32The abuse of process doctrine “engages the inherent power of the court to prevent the misuse of its procedure, in a way that would be manifestly unfair to a party to the litigation before it or would in some other way bring the administration of justice into disrepute”: SIF Solar Energy Income & Growth Fund v. Aird & Berlis LLP, 2024 ONCA 946, at para. 31.
33The law recognizes a number of doctrines to prevent abuse of the process of the court. One such doctrine is res judicata: Dosen v. Meloche Monnex Financial Services Inc. (Security National Insurance Company), 2021 ONCA 141, 457 D.L.R. (4th) 530, at para. 30.
34The doctrine of res judicata is based on the principle that “[a]n issue, once decided, should not generally be re-litigated to the benefit of the losing party and the harassment of the winner”: Danyluk v. Ainsworth Technologies Inc., 2001 SCC 44, [2001] 2 S.C.R. 460, at para. 18.
35There are two branches to res judicata: cause of action estoppel and issue estoppel.
(i) Cause of action estoppel
36Cause of action estoppel prohibits a litigant from bringing an action against another party when that same cause of action has been determined in earlier proceedings by a court of competent jurisdiction: Dosen, at para. 31.
37As articulated in Dosen, at para. 13, there are four elements to cause of action estoppel:
a. There is a final decision of a court of competent jurisdiction in a prior action;
b. The parties to the subsequent litigation were parties to, or in privy with, the parties to the prior action;
c. The cause of action in the prior action is not separate and distinct; and
d. The basis of the cause of the action and subsequent action was argued or could have been argued in the prior action, if the parties had exercised reasonable diligence. [Emphasis in original.]
38The only cause of action pleaded in the Statement of Claim is that the agreement of purchase and sale was terminated when the transaction did not close on the closing date. This contractual cause of action, however, was explicitly addressed in the Prior Proceedings – in Mr. Murdoch’s prayer for relief, in submissions to Hebner J., and in Her Honour’s reasons for decision. Mr. Byrd was a party to the Prior Proceedings and he challenged the enforceability of the agreement of purchase and sale.

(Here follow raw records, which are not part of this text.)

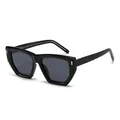 Lunettes de soleil polarisées polygonales noires avec rivets en métal argenté - Monture Noire Verres Gris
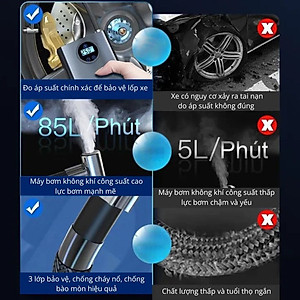 Máy bơm pin Kachi MK374 - Bơm xăm lốp ô tô, xe máy, xe đạp, phao, bóng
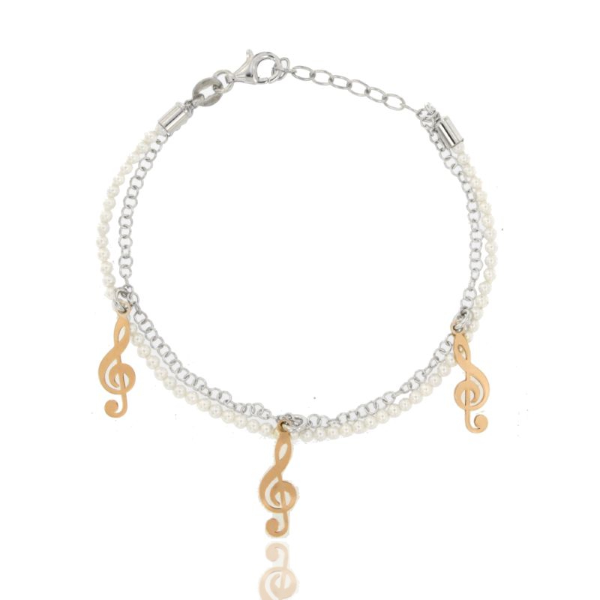 BRACCIALE CON PERLINE E CHIAVE DI VIOLINO IN ARGENTO RODIATO TIT 925 CM 17-20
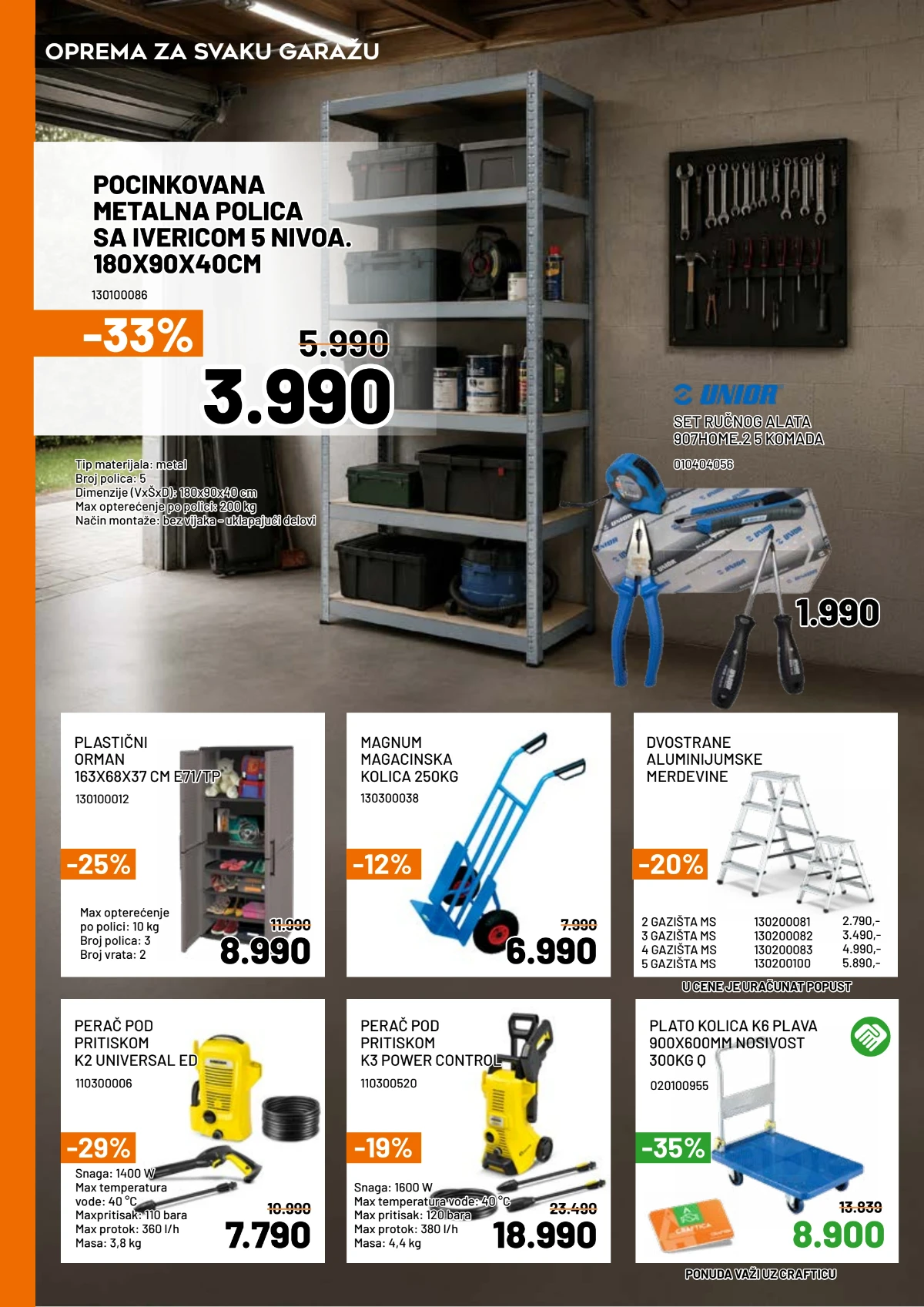 Crafter katalog jul 2026 sa policama, alatima i opremom za garažu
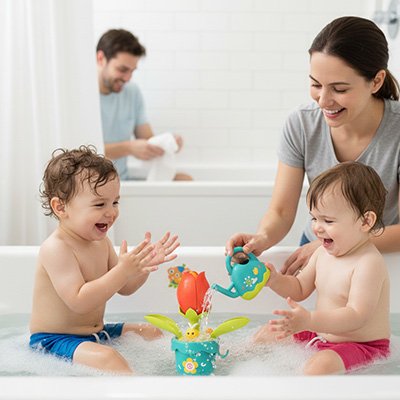 Jouet baignoire bebe en tulipe orange amusant entre frères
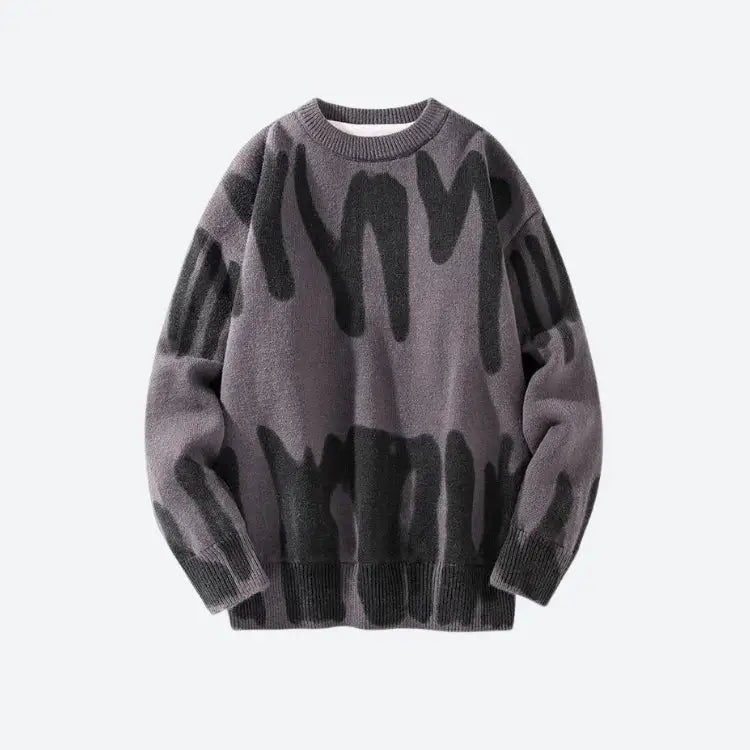 Unisex soft touch knit sweater with unique spray paint design - black / s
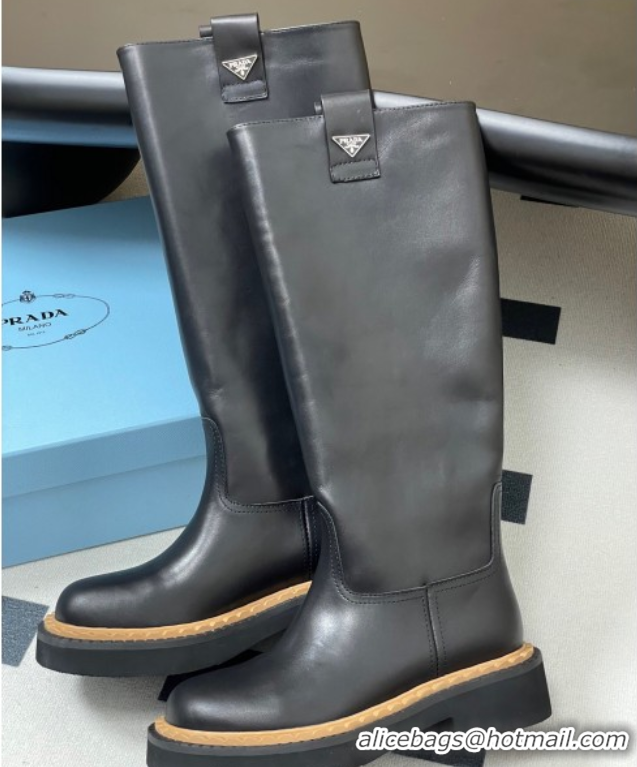 Top Grade Prada Calf Leather High Boots Black 2025 PR082512
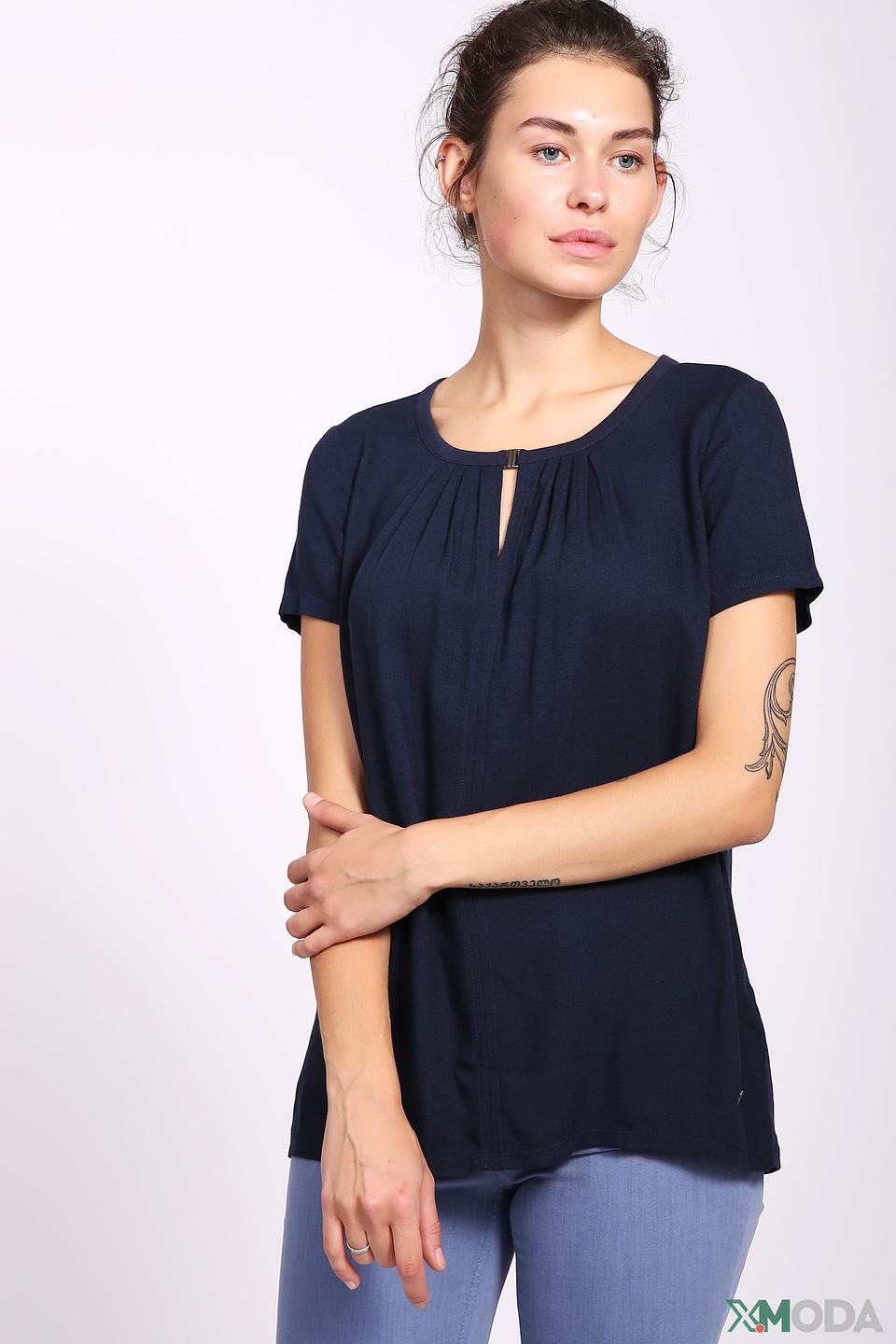 Блуза Tom Tailor темно-синяя с V-образным вырезом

39At the hearing before Hebner J., Mr. Byrd argued that the “deal is dead”. The following exchange took place:
Darryl Byrd: Okay, and again, by the contract of my rights, by the contract of my rights, the contract that they put down, time of the essence, time of the essence with disrespect [sic] to the performance of the parties’ obligations under this agreement. So, hindsight, the deal is dead.
The Court: So, tell me how the deal is dead?
Darryl Byrd: Because of Pleasure Beach sabotaging this situation. Pleasure Beach said yes, their lawyers said, their lawyers sent me a law, a law, a section bylaw. The only reason why they sent that because I, because the Murdoch’s are in my [indiscernible]. So, I believe that they were just trying to sabotage the relationship between the Murdoch’s and I, because the Murdoch’s have been there since 1940. They’re ex community board members. Why not let this deal go through? I have e-mails of the president calling me and asking me about potential buyers. What do you mean? You just, you just turned down my deal to the Murdoch’s. Why would you ask me if I have potential buyers? What’s going on here?
The Court: So, is your beef, is your beef with Pleasure Beach or is your beef with the Murdoch’s?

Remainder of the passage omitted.